## Aim of the task
Would you retype the line that contains "OR-19 South at OR-206 - Condon" and all lines following it to the end of the entries below, exactly and without pictures?

[Task input — start]

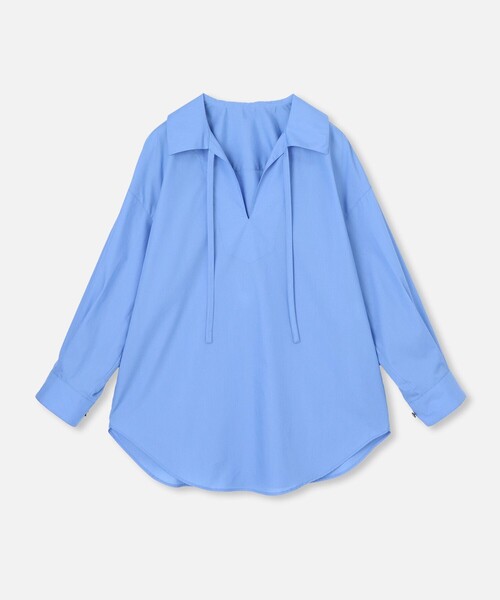 allureville ブラウス シャツ スーピマコットンスキッパーシャツ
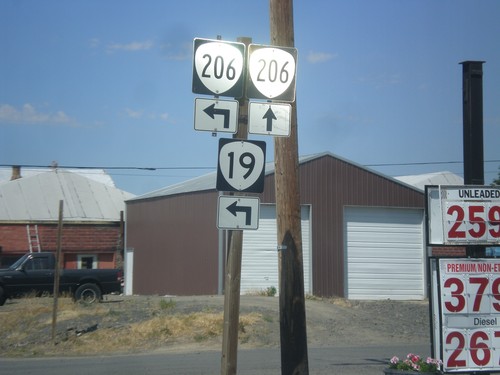 OR-19 South at OR-206 - Condon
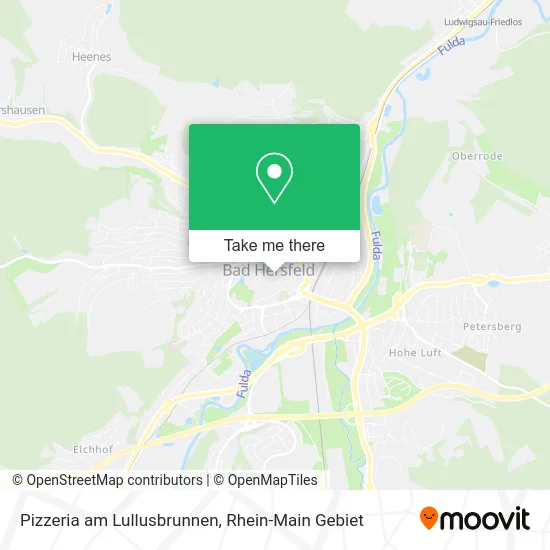Карта Pizzeria am Lullusbrunnen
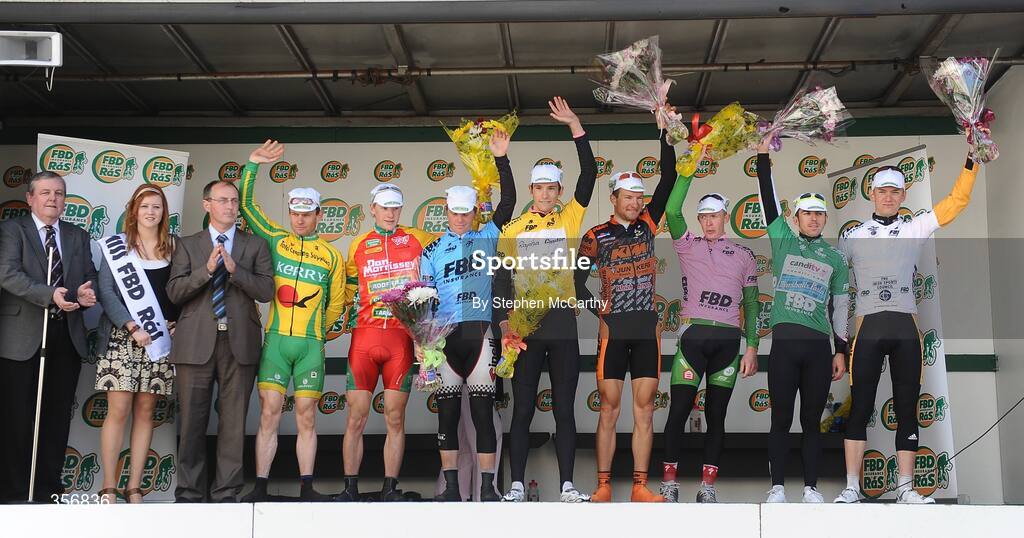 20 May 2009; The various jersey winners of Stage 4. FBD Insurance Ras 2009, Stage 4, Cahirciveen to Killorglin. Picture credit: Stephen McCarthy / SPORTSFILE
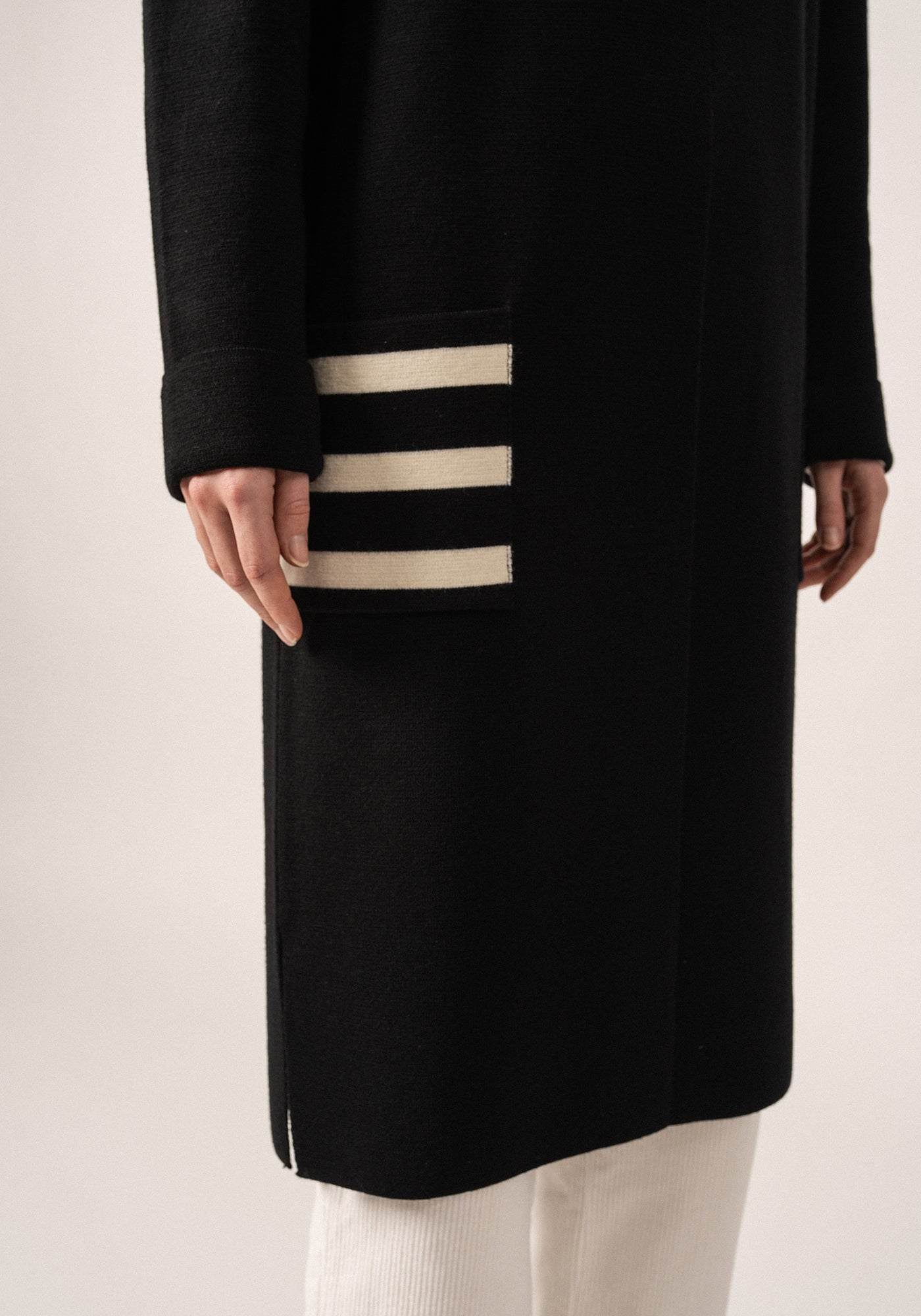 Cárdigan Cirrus x Isabelle Ballu (NOIR/ECUME)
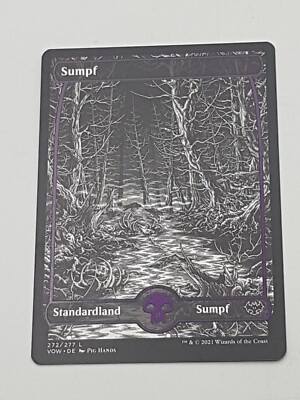 Magic the Gathering Sumpf Innistrad: Blutroter Bund NM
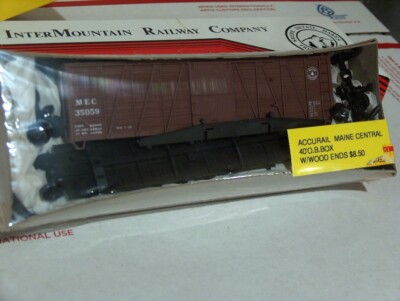 HO Accurail MEC Maine Central 40' OB Boxcar 35059 kit # 4005 sealed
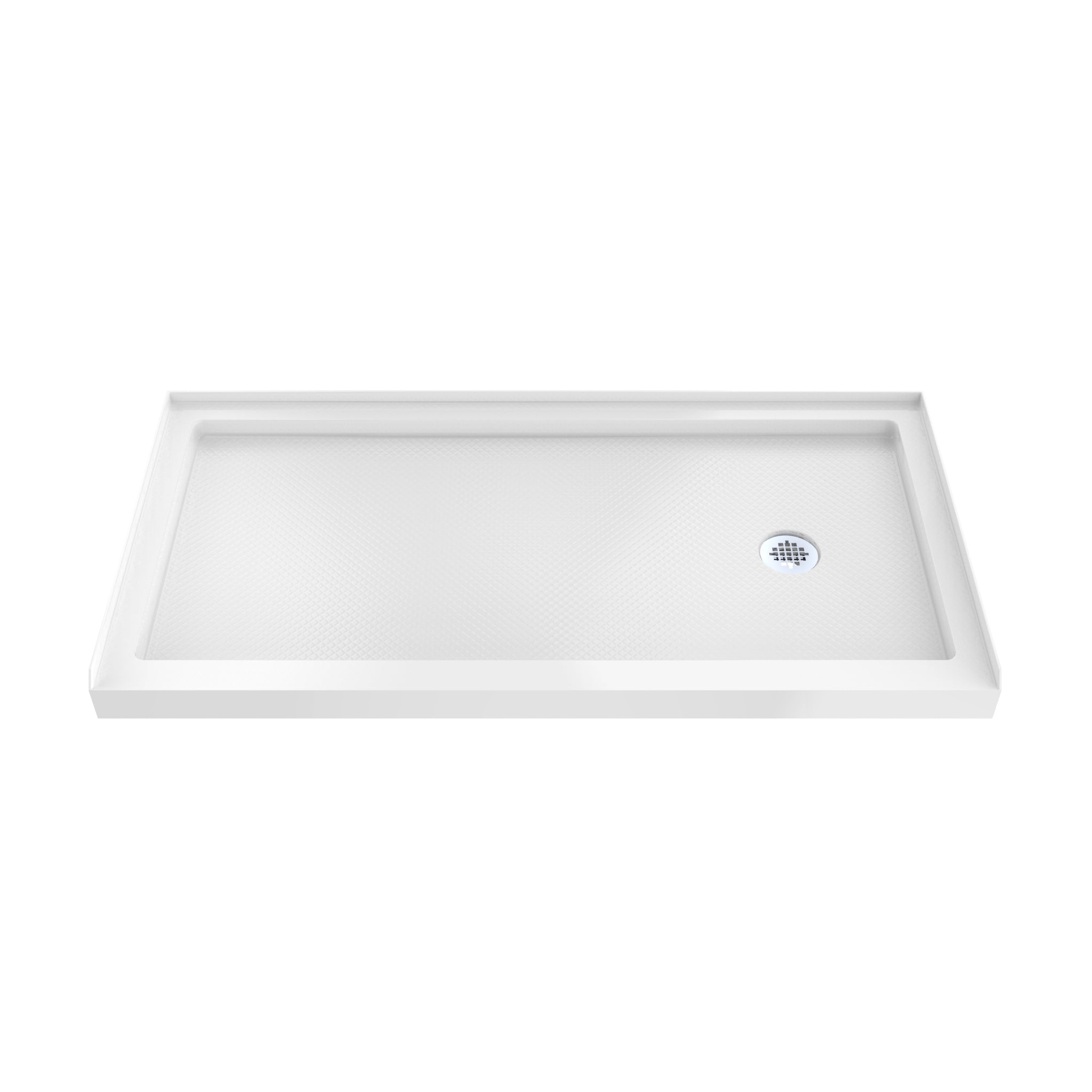 DreamLine SlimLine 30" D x 60" W x 2 3/4" H Alcove Shower Base & 2" Matte Right Handed Round Drain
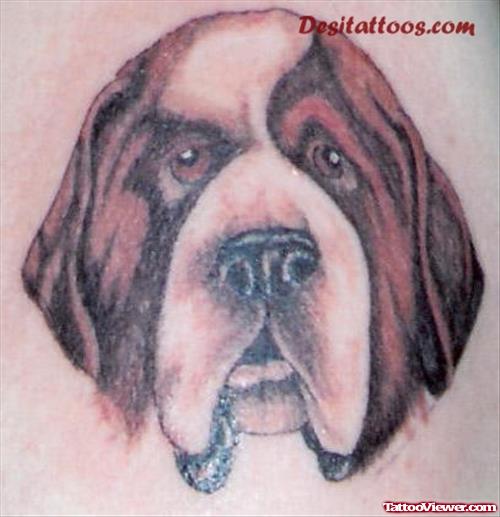 Dog Head Animated Tattoo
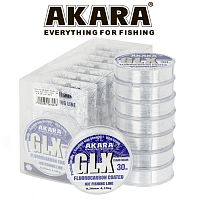 Леска Akara GLX ICE Clear 30 м 0,14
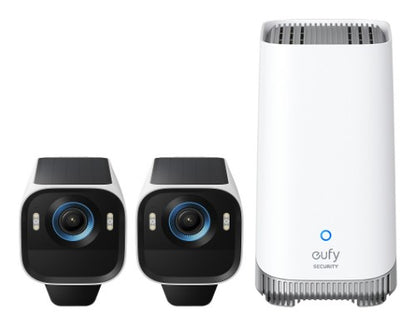 Eufy eufyCam S3 Pro 2-Cam Kit Bullet IP security camera Outdoor 3840 x 2160 pixels Wall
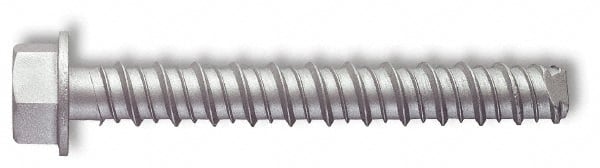 RED HEAD 1/2 Diam, 5 Length Under Head, Hex Drive, Concrete Screw & Masonry Fastener
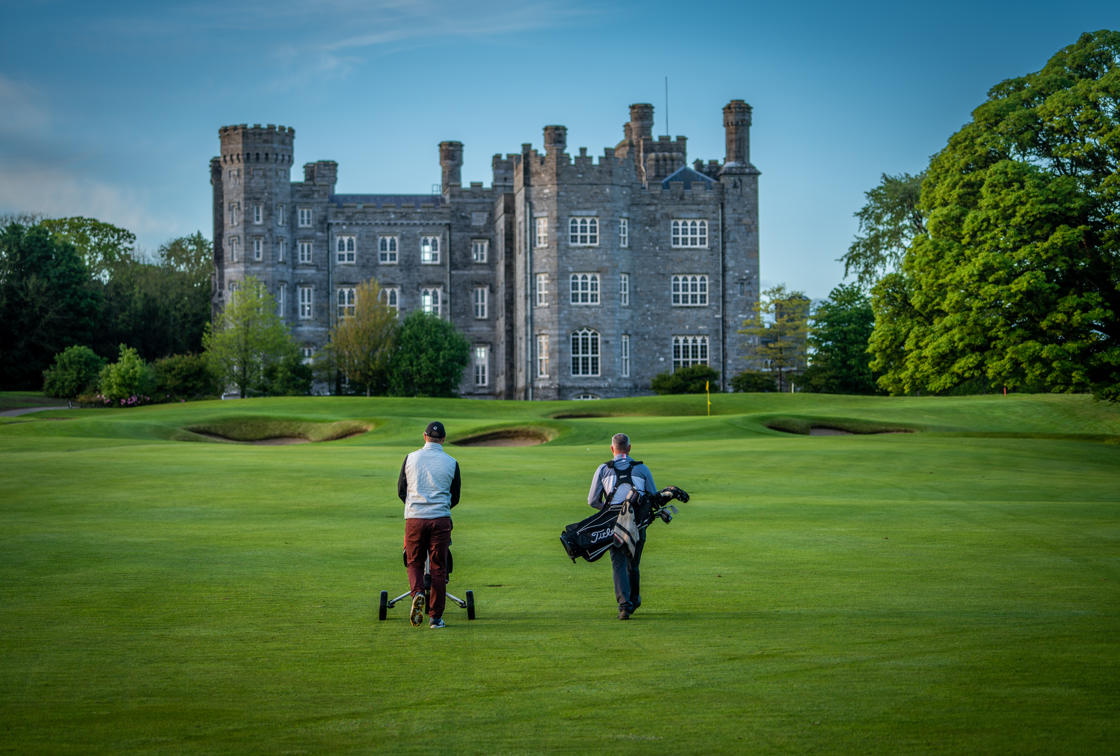 Golfers at Killeen Castle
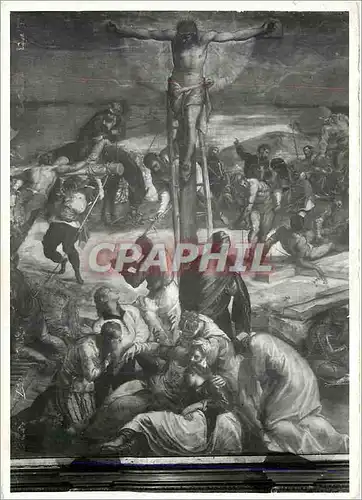Cartes postales moderne Venezia Scuola Grrande di San Rocco tintoretto La crocifissione Particolare Christ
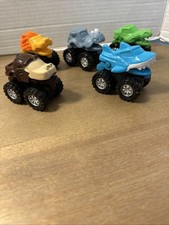 Spark Create Imagine Animals And Dinosaur Monster Trucks Movable Mouth Lot Of 5
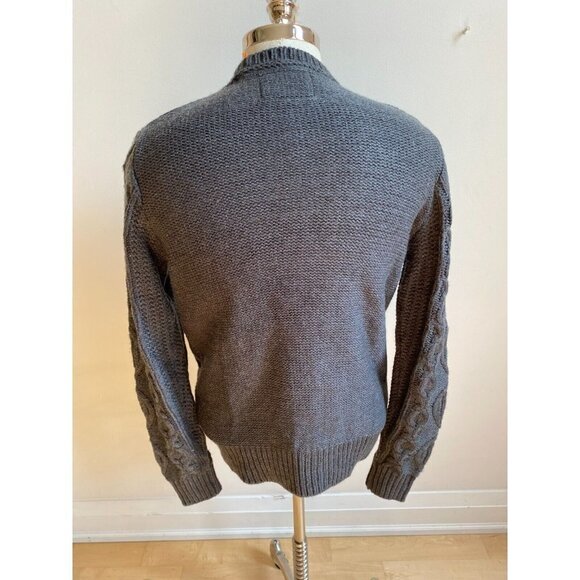 WEATHERPROOF Vintage BNWOT Cable Knit Gray Pullover Sweater Sz Small - Picture 3 of 5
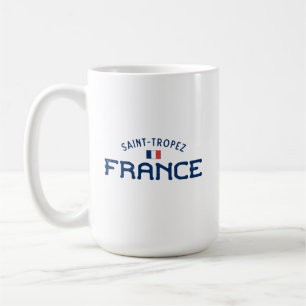 Distressed Saint-Tropez France Coffee Mug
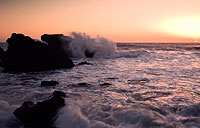 waves with a short exposure time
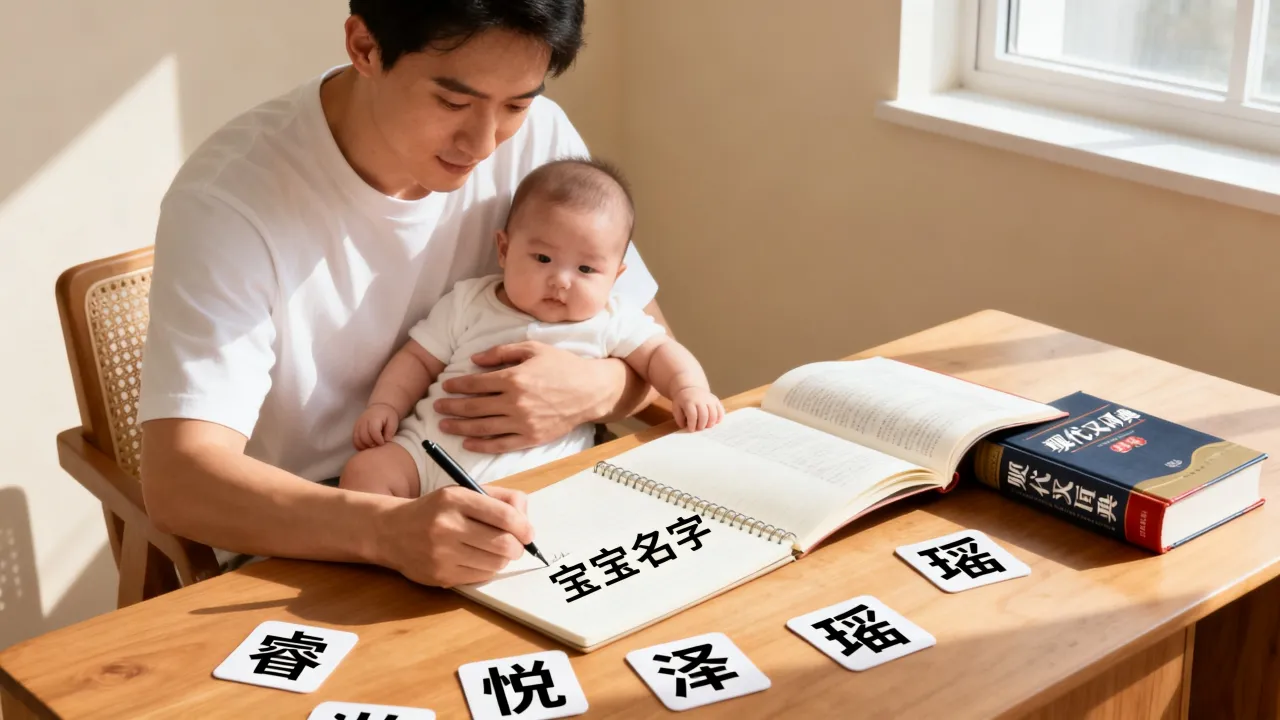 宝宝起名爸爸怎么起，怎样取名好听又吉利？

[Task input — finish]

## The completed task
 OR-19 South at OR-206 - Condon
Карта Pizzeria am Lullusbrunnen
 20 May 2009; The various jersey winners of Stage 4. FBD Insurance Ras 2009, Stage 4, Cahirciveen to Killorglin. Picture credit: Stephen McCarthy / SPORTSFILE
 Cárdigan Cirrus x Isabelle Ballu (NOIR/ECUME)
 Magic the Gathering Sumpf Innistrad: Blutroter Bund NM
 HO Accurail MEC Maine Central 40' OB Boxcar 35059 kit # 4005 sealed
 DreamLine SlimLine 30" D x 60" W x 2 3/4" H Alcove Shower Base & 2" Matte Right Handed Round Drain
 Dog Head Animated Tattoo
 Леска Akara GLX ICE Clear 30 м 0,14
 Eufy eufyCam S3 Pro 2-Cam Kit Bullet IP security camera Outdoor 3840 x 2160 pixels Wall
 RED HEAD 1/2 Diam, 5 Length Under Head, Hex Drive, Concrete Screw & Masonry Fastener
 Golfers at Killeen Castle
Cartes postales moderne Venezia Scuola Grrande di San Rocco tintoretto La crocifissione Particolare Christ
 Spark Create Imagine Animals And Dinosaur Monster Trucks Movable Mouth Lot Of 5
 WEATHERPROOF Vintage BNWOT Cable Knit Gray Pullover Sweater Sz Small - Picture 3 of 5
 Distressed Saint-Tropez France Coffee Mug
 waves with a short exposure time
 宝宝起名爸爸怎么起，怎样取名好听又吉利？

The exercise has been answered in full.